According to the case, Progressive and Mitchell’s “projected sold adjustments” are unsupported by verifiable data and have the effect of undervaluing insureds’ total loss claims to Progressive’s benefit. The lawsuit claims the practice violates Georgia law, which requires insurers to pay a cash equivalent settlement for totaled vehicles based on the “actual cost” to purchase a comparable vehicle, not a “guess” as to how much a vehicle may be sold for “at some point in the future.”
Per the filing, the defendants’ conduct is not merely a “random or isolated” event but part of a “systematic and uniform protocol followed when total loss claims are settled and paid in the State of Georgia.”
The lawsuit states that when a vehicle covered by a Progressive insurance policy is damaged, Progressive may declare the car a “total loss” and pay the insured a cash settlement based on the cost of purchasing a comparable vehicle. To determine this amount, Progressive contracts with Mitchell to provide vehicle valuation reports that are purportedly based on the cost of comparable vehicles offered for sale in the relevant market, the case relays.
The lawsuit alleges, however, that Mitchell applies a deduction labeled as a “Projected Sold Adjustment” to the list price of comparable vehicles used to determine the value of a totaled car. Per the case, the only explanation offered for the deduction is “buried on the last page of the report” and notes that the adjustment is meant to “reflect consumer purchasing behavior (negotiating a different price than the listed price).”

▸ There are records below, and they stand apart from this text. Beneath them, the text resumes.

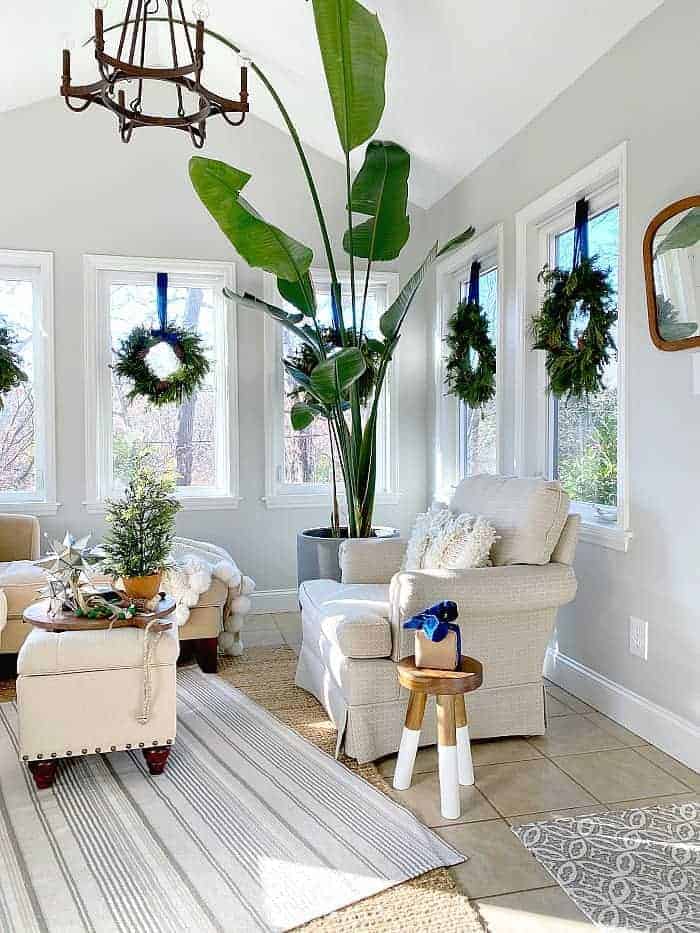 sunroom decorated for Christmas with wreaths hanging in windows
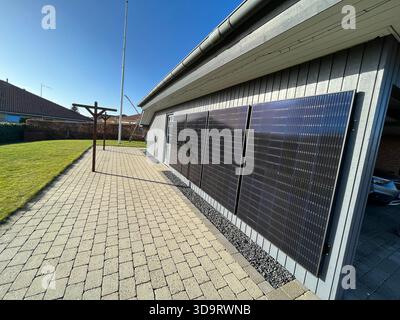 Ein modernes Haus mit Sonnenkollektoren an der Seitenwand. Die Gegend verfügt über eine gepflasterte Terrasse mit einer Wäscheleine und einem gepflegten Rasen. Solarstrom Stockfoto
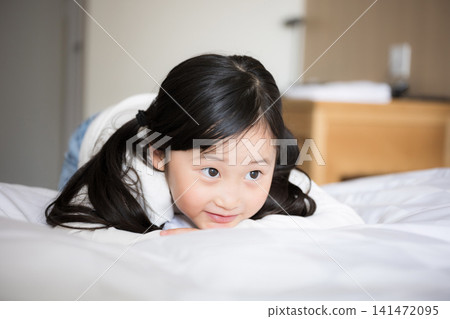 A smiling Japanese girl relaxing on a hotel bed. An image of a family trip or hotel stay. A smiling Japanese girl relaxing on a hotel bed. An image of a family trip or hotel stay. 141472095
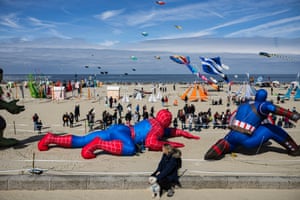 Large inflatable superheroes depicting Spider-Man and Captain America line the back of a beach while people watch kite-flying in Berck-sur-Mer, France

A woman watches people flying kites at the beach, during the 37th International Kite Festival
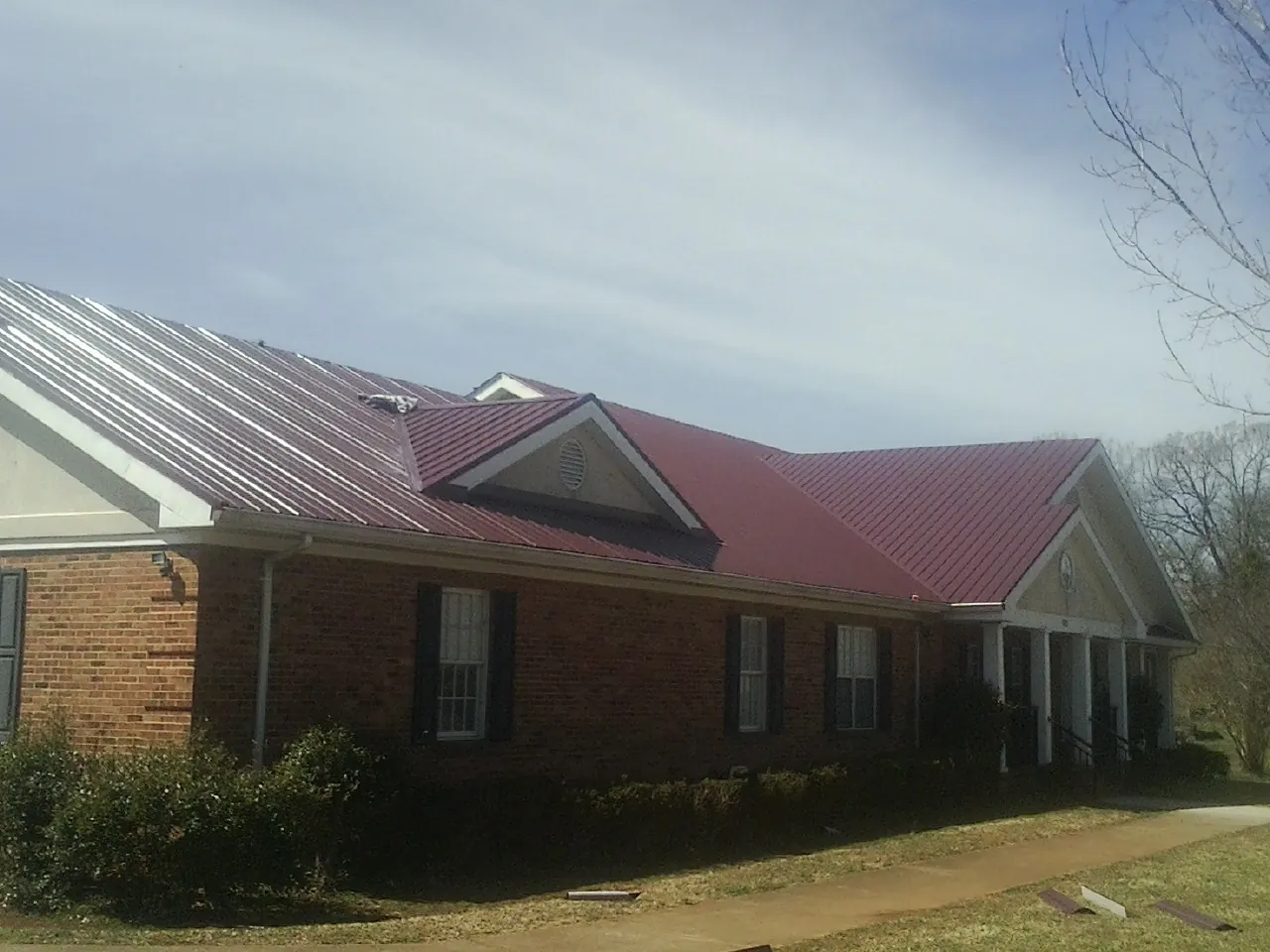 Red metal roof with gabled entries on a long brick building, from a Hail Damage Roof Repair job in New Zion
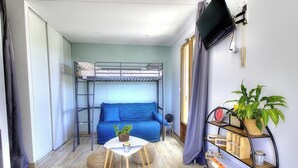 Ein gemütlicher Raum mit Etagenbett, einer Schlafcouch, einem kleinen Tisch mit Pflanze, einem Bücherregal und einem Fenster mit Vorhängen.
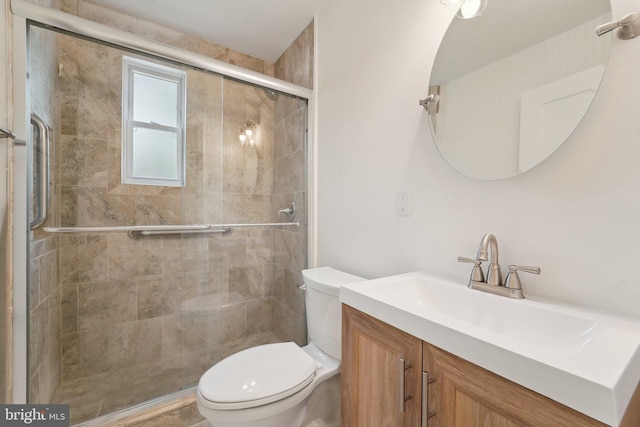 818 Dale Rd, Glen Burnie, MD 21060 - full bathroom featuring toilet, a shower stall, and vanity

The case claims the defendants’ projected sold adjustments are “illusory, unsupported, wholly arbitrary, and utilized by Progressive and Mitchell simply to save Progressive dollars in the settlement of first-party total loss claims.” According to the filing, the deductions are unsupported by data as neither Progressive nor Mitchell has any information about the condition of vehicles listed for sale online, the dealers’ willingness to negotiate online prices or the insured’s negotiation abilities. Moreover, the vehicles utilized in Mitchell’s reports are often found on internet-based listings, the suit adds. Because the used car market “relies heavily” on the internet and the availability of immediate comparison shopping, vehicles listed for sale online are typically priced to market, meaning it would be “uncommon or atypical” for a deduction as high as the defendants’ projected sold adjustments to be taken from the online list prices, the lawsuit argues.
All told, the suit says Progressive and Mitchell are “simply guessing, with no supporting or verifiable data,” what price a comparable vehicle may sell for in the future. Per the case, Georgia law does not allow for insurers to “guess, speculate, or ‘project’” a comparable car’s selling price “at some point in the future,” and insurers must base their total loss settlements on the “actual cost” to purchase a comparable vehicle, the suit says.
The lawsuit alleges the defendants’ projected sold adjustments artificially reduce the value of insureds’ vehicles to the benefit of Progressive and at the expense of consumers. According to the suit, “nothing in the Plaintiff’s policy or Georgia law allows such a deduction.”